**EXERCISE**
Make an exact copy, from the records below, of the lines from the line containing "LE COQ SPORTIF" to the line containing "Similar image 8399255", both lines included, excluding pictures.

**DATA FOR THIS EXERCISE**

━━━━━━━━━━━━━━━━

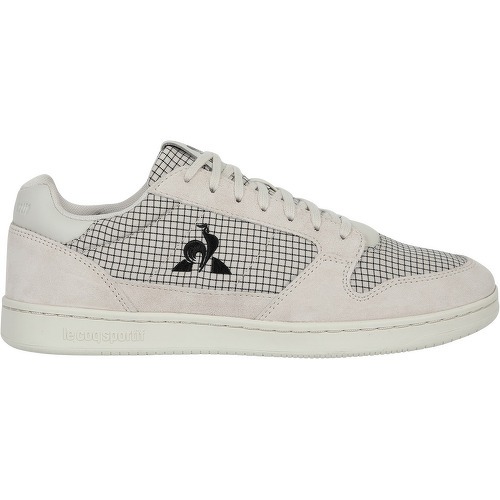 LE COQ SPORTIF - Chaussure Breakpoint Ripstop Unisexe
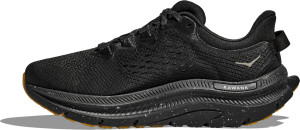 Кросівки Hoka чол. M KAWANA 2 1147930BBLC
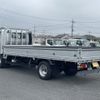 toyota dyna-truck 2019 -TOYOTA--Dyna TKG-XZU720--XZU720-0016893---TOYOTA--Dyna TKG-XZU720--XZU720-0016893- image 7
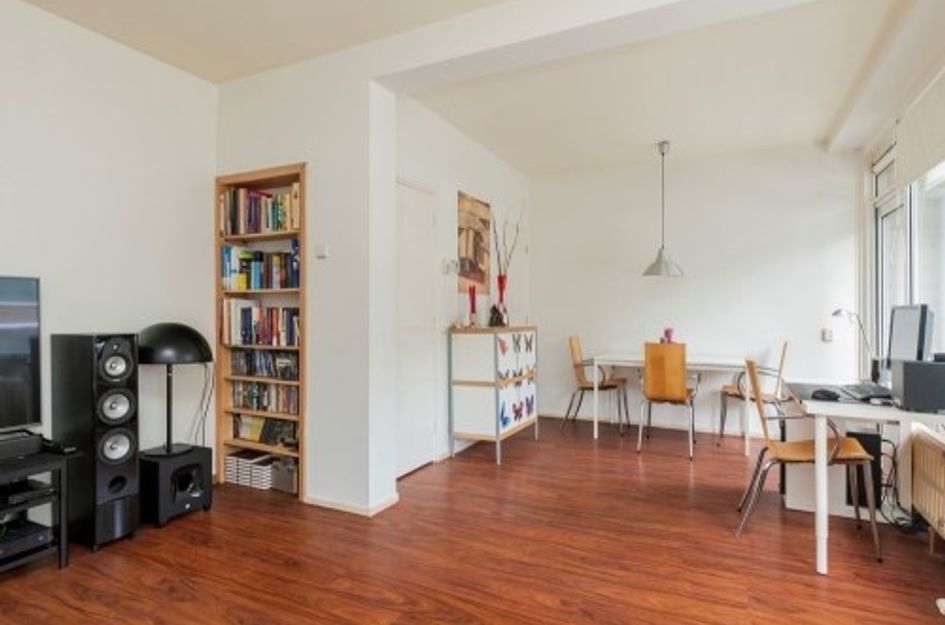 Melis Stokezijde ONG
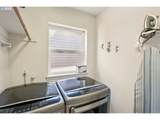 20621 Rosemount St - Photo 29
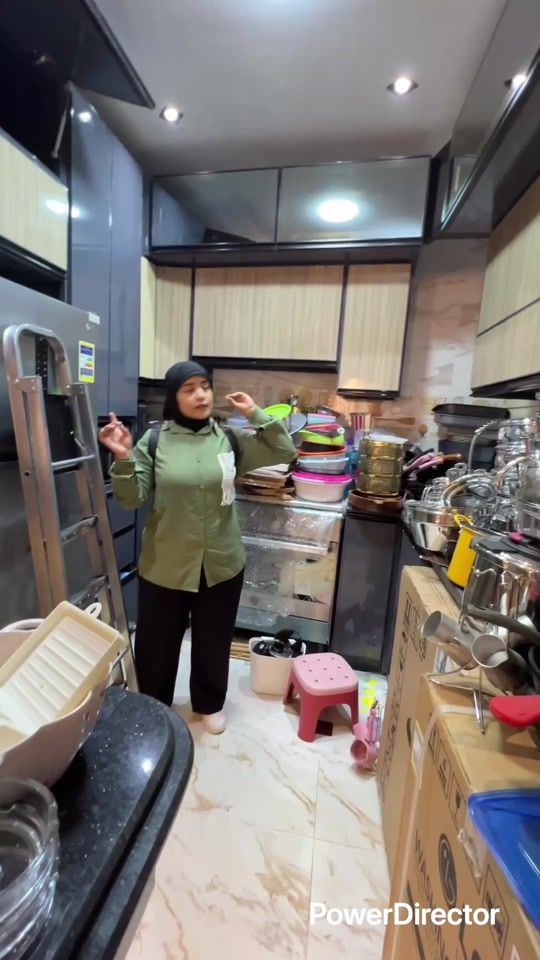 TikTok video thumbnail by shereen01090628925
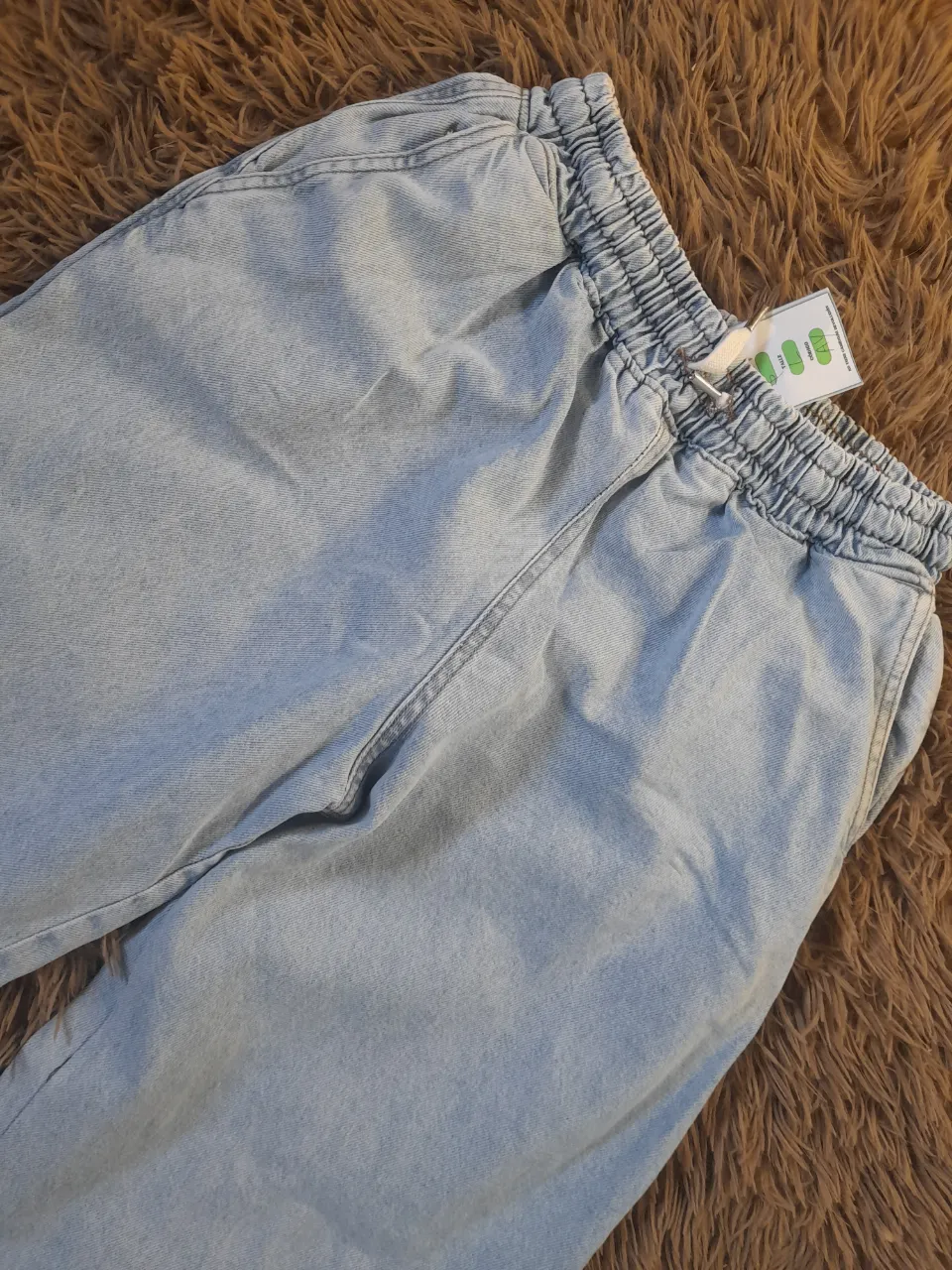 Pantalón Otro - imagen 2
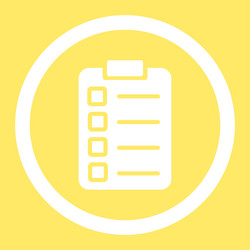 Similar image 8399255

━━━━━━━━━━━━━━━━

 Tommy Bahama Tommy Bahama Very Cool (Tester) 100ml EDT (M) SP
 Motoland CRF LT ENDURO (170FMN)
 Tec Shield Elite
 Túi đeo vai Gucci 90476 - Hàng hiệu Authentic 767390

━━━━━━━━━━━━━━━━

**YOUR RESPONSE**
 LE COQ SPORTIF - Chaussure Breakpoint Ripstop Unisexe
 Кросівки Hoka чол. M KAWANA 2 1147930BBLC
 toyota dyna-truck 2019 -TOYOTA--Dyna TKG-XZU720--XZU720-0016893---TOYOTA--Dyna TKG-XZU720--XZU720-0016893- image 7
 Melis Stokezijde ONG
 20621 Rosemount St - Photo 29
 TikTok video thumbnail by shereen01090628925
 Pantalón Otro - imagen 2
 Similar image 8399255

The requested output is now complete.